Personal information
- Full name: Génesis Rosangela Reasco Valdez
- Born: 18 July 1998 (age 27) Manabí, Ecuador

Sport
- Country: Ecuador
- Sport: Amateur wrestling
- Weight class: 76 kg
- Event: Freestyle

Medal record
Women's freestyle wrestling
Representing Ecuador
World Championships
| Gold medal – first place | 2025 Zagreb | 76 kg |
Pan American Championships
| Gold medal – first place | 2024 Acapulco | 76 kg |
| Silver medal – second place | 2019 Buenos Aires | 76 kg |
| Silver medal – second place | 2021 Guatemala City | 76 kg |
| Silver medal – second place | 2022 Acapulco | 76 kg |
| Bronze medal – third place | 2023 Buenos Aires | 76 kg |
| Bronze medal – third place | 2025 Monterrey | 76 kg |
Pan American Games
| Bronze medal – third place | 2023 Santiago | 76 kg |
South American Games
| Gold medal – first place | 2022 Asunción | 76 kg |
Bolivarian Games
| Silver medal – second place | 2022 Valledupar | 76 kg |
Grand Prix
| Gold medal – first place | 2025 Madrid | 76 kg |
| Silver medal – second place | 2026 Tirana | 76 kg |
| Bronze medal – third place | 2024 Budapest | 76 kg |

= Génesis Reasco =

Ecuadorian freestyle wrestler (born 1998)

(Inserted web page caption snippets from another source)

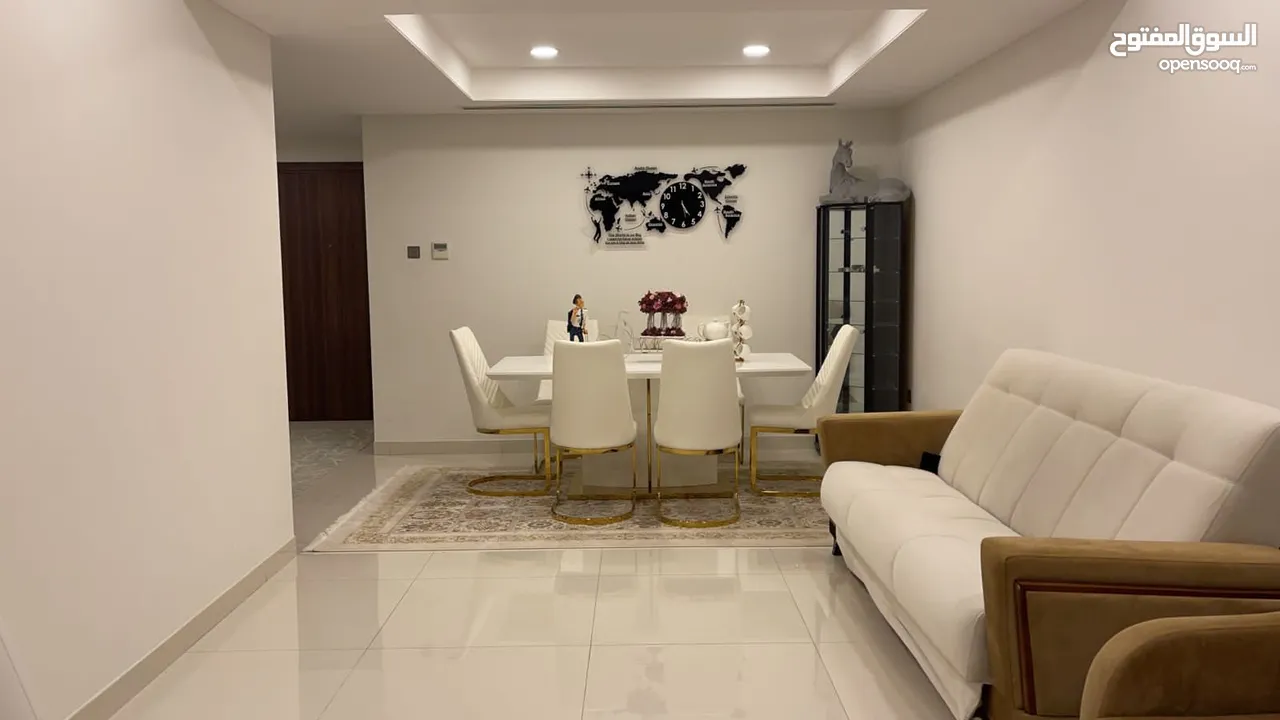 1 Bedrooms Apartment for Sale in Madinat Sultan Qaboos REF:974R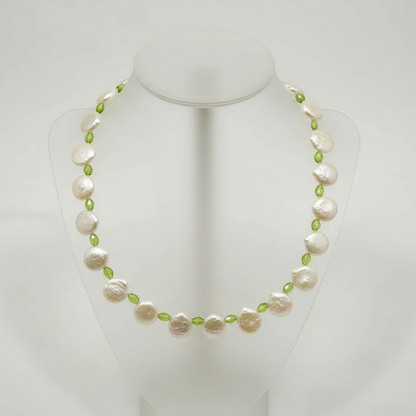 Necklace with keisy pearls and peridot and gold clasp (PE-25)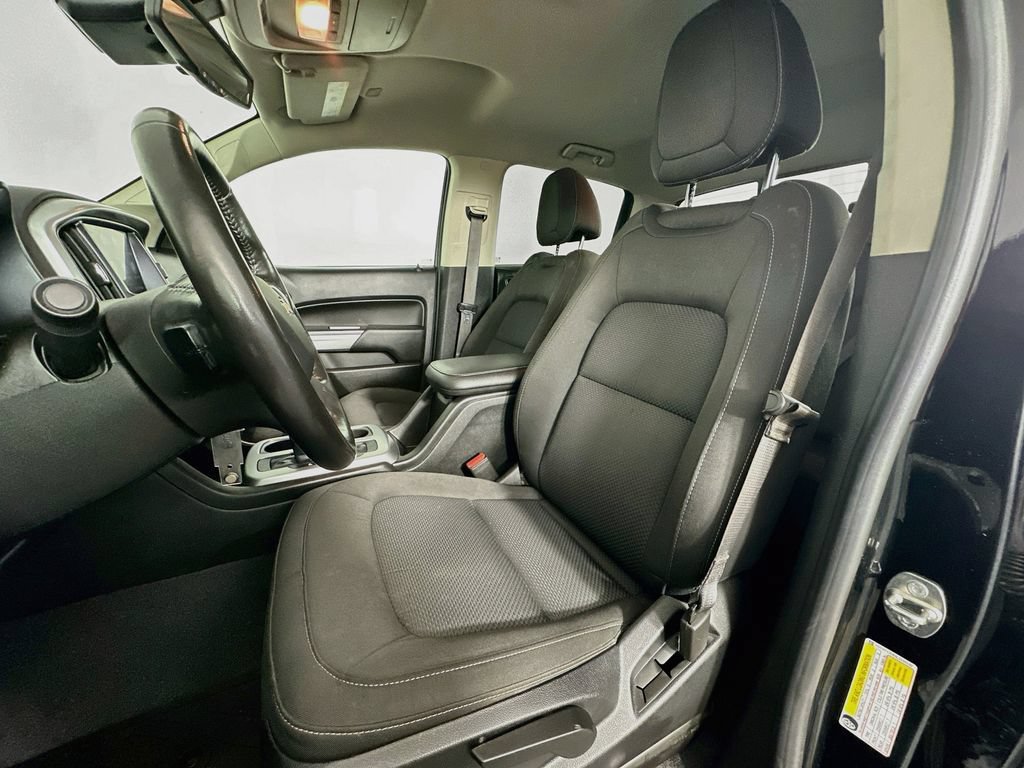 Used 2020 Chevrolet Colorado LT w/ Safety Package AWD/4WD image 22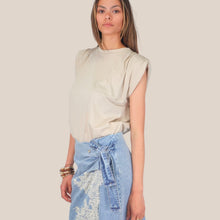 Carica l'immagine nel visualizzatore di Gallery, Philia Loft t-shirt over con spallini e arricciatura 100% cotone Art V02A1062
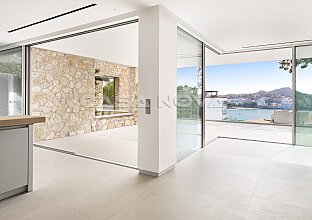 Ref. 2402747 | Recently completed luxury villa with sea views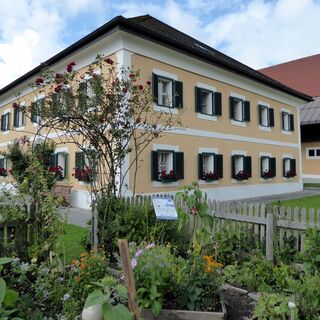 Der Kräutergarten vor dem Gemeindeamt in Seeham.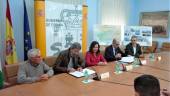 La subdelegada del Gobierno, Catalina Madueño, y el presidente de Seiasa, Alejandro Alonso, con el alcalde de Cazorla y regantes. 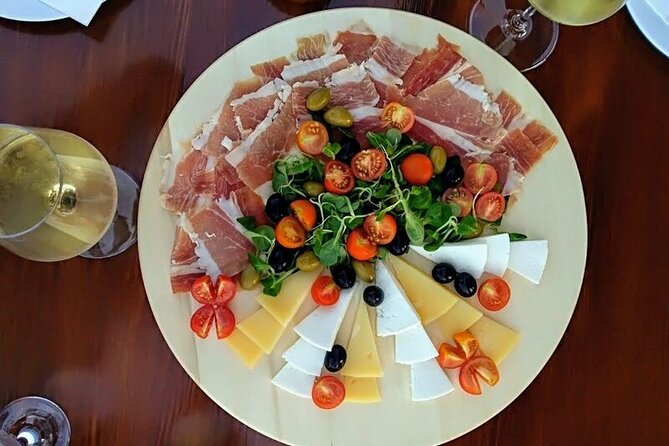 Korcula Bike & Wine Tour | Wine Tasting in Lumbarda - What the guides add to the afternoon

Génesis Reasco (born 18 July 1998) is an Ecuadorian freestyle wrestler. She won the gold medal in the women's 76 kg event at the 2025 World Wrestling Championships held in Zagreb, Croatia. She also won the gold medal in the women's 76 kg event at the 2022 South American Games held in Asunción, Paraguay.

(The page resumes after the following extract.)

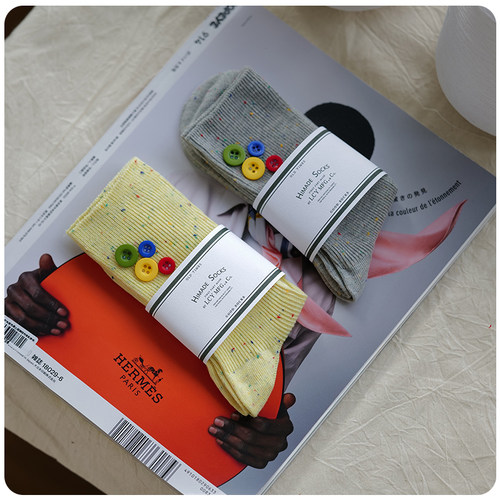 Hiamde女棉质彩色纽扣中筒长袜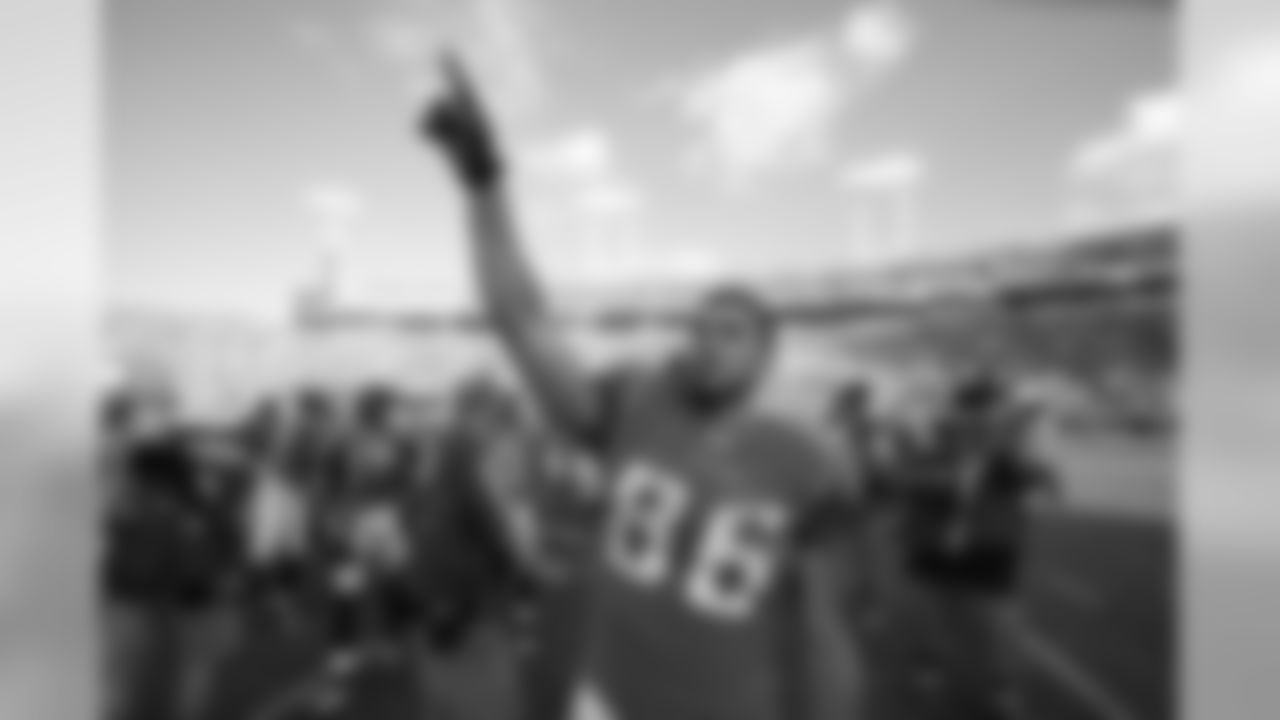 86 Zach Miller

Reasco won the silver medal in her event at the 2022 Bolivarian Games held in Valledupar, Colombia. Reasco is also a six-time medalist, including gold, at the Pan American Wrestling Championships.

== Career ==

Reasco competed in the women's 76 kg event at the 2019 Pan American Games held in Lima, Peru. In 2020, she competed at the Pan American Wrestling Olympic Qualification Tournament held in Ottawa, Canada without qualifying for the 2020 Summer Olympics in Tokyo, Japan. She also failed to qualify for the Olympics at the World Olympic Qualification Tournament held in Sofia, Bulgaria.

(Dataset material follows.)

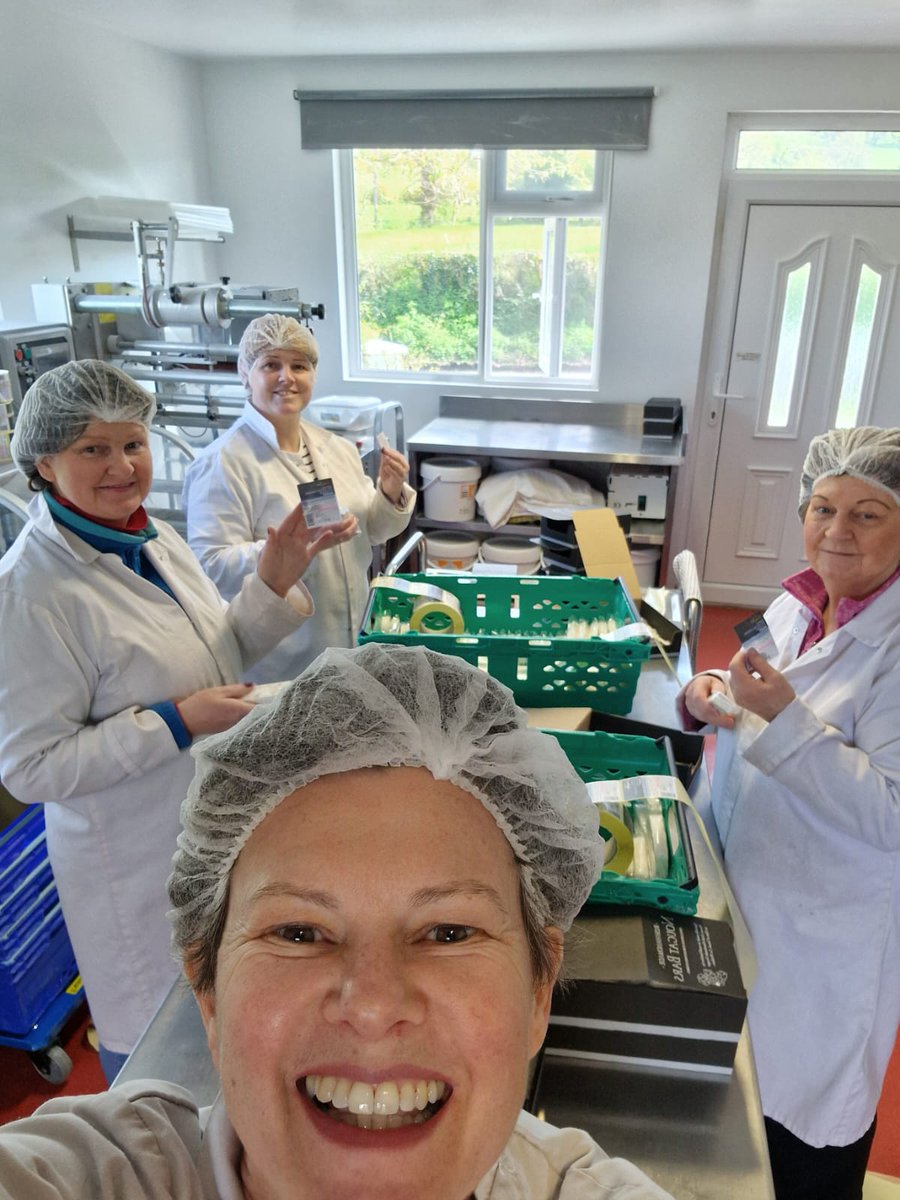 mienasnougat's tweet photo. When we work on something new, there's always a great buzz in the kitchen!
We'll be telling all at the @ideal_home_show this weekend! With the fab team from #SimplyBetter!
#SimplyBetter #IdealHome #IdealHomeShow #idealhomes #PTSBIdealHomes https://t.co/wyCOJcmhdV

Reasco won the silver medal in the women's 76 kg event at the 2021 Pan American Wrestling Championships held in Guatemala City, Guatemala. At the 2021 U23 World Wrestling Championships held in Belgrade, Serbia, she lost her bronze medal match in the women's 76 kg event. She also lost her bronze medal match in the women's 76 kg event at the 2022 World Wrestling Championships held in Belgrade, Serbia.

Reasco won the gold medal in her event at the 2022 South American Games held in Asunción, Paraguay. She defeated María Acosta of Venezuela in her gold medal match.

Reasco won one of the bronze medals in the women's 76 kg event at the 2023 Pan American Wrestling Championships held in Buenos Aires, Argentina. She was eliminated in her first match in the 76 kg event at the 2023 World Wrestling Championships held in Belgrade, Serbia. Reasco won one of the bronze medals in her event at the 2023 Pan American Games held in Santiago, Chile.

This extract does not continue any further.